Beyond the hysteria: a reaction to the World Cup Bid

December 2, 2010

The votes are in, and the recriminations start: who was to blame for England not winning the right to host the 2018 World Cup? The Panorama programme, Sunday Times, Lord Triesman, the Mail on Sunday, the hooligans at the Birmingham-Villa game…. the brown smelly stuff is being sprayed around liberally and there seems to be no shortage of targets.

Yet for my money possibly the most sensible take is that taken by Graham Taylor. In an article about the failed bid, near the end, he instead talks about the way the FIFA executive works and how England just haven’t really understood it – effectively, that we shouldn’t be too surprised.

The bad publicity, the investigations by the Sunday Times and Panorama didn’t necessarily help the case; but let’s not kid ourselves here. The allegations made were substantial, and for all that Sepp Blatter seemed to want to ignore them they point to a culture within FIFA that would always show plenty of capriciousness about who to vote for – to say the least.

I personally think the clue to why England didn’t get the verdict is as much as anything the evidence of where recent World Cups have gone, and where in particular 2022 has gone. Football is a global game, but in some places the perception is that it could do with a little help; and Fifa has seen one or two examples of how that can happen. Does anyone really think that the USA would have started a competition of the level of MLS if they hadn’t been awarded the 1994 World Cup? And now the USA team is one worthy of respect, one that you expect to see playing and progressing in the World Cup. Move on to 2002, and it’s hard to see Japan/South Korea as having done anything but good for the cause of Asian Football – the depth isn’t always there, but the two hosts in particular are no laughing stock. Then, 2010 was Africa’s opportunity to show what it could do.

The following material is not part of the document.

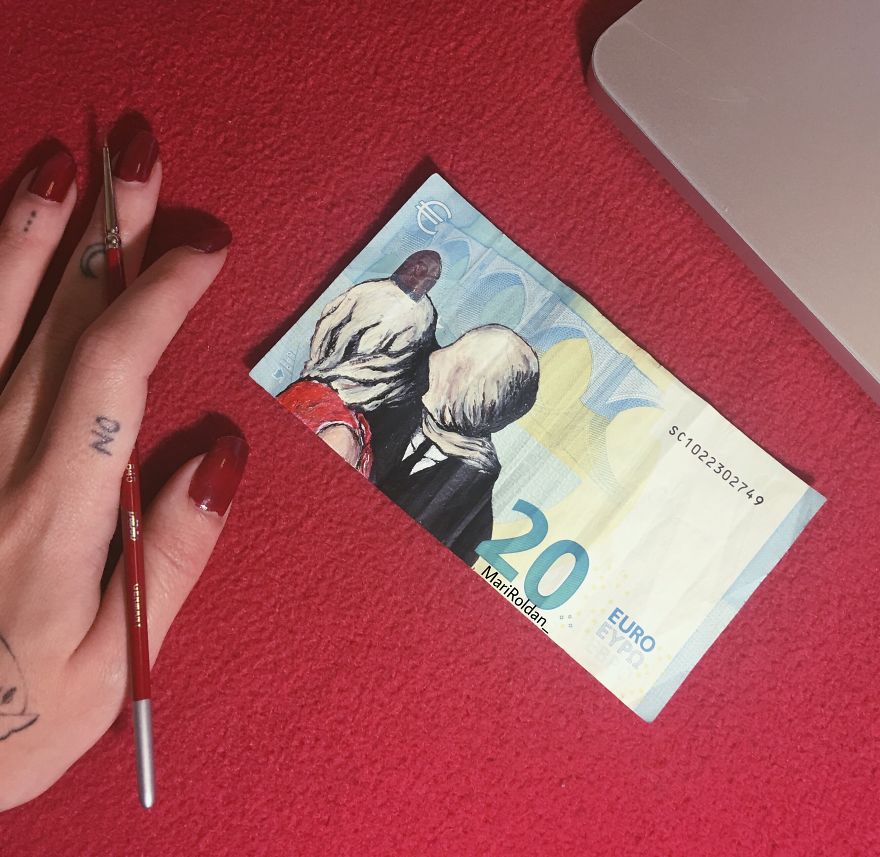 Mari Roldán The Young Artist Who Paints On Money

Add in the idea of needing to take turns around the continents then, and recent history sees FIFA looking to send the competition to places it thinks will develop the world game, breaking new ground. Russia fits the profile: the richest and most powerful of the former Communist states of Eastern Europe gets a place, at the expense of the other nations in Western Europe that have previously monopolised Europe’s “turn”. Qatar fits the profile too: there’s a lot of ground to be broken football-wise in the Middle East. Australia might consider themselves unfortunate, but the population base of the surrounding nations are not the same as Qatar.

The problem with this is that the process has not been transparent. If FIFA said up front, “we want to go to new places and so that’s a major factor in any bid” then England would have known that once Russia (and to an extent Netherlands/Belgium) declared an interest that they were an outside chance at best. But instead, the full executive has travelled around the world, hobbed with the nobs, been thoroughly schmoozed, and then ignored any concerns presented in the technical report if it suited their case to do so.

“Corruption!” comes the cry from many quarters. Without wanting to expose myself to legal issues, there’s no doubt that there are questions needing answers about the people involved. More than anything though I feel that the real question is not whether votes were bought, or whether votes were promised and then the promises reneged upon; it’s why there is complete and total lack of anything like a transparent process, and why there is a lack of honesty about the real criteria for a successful bid.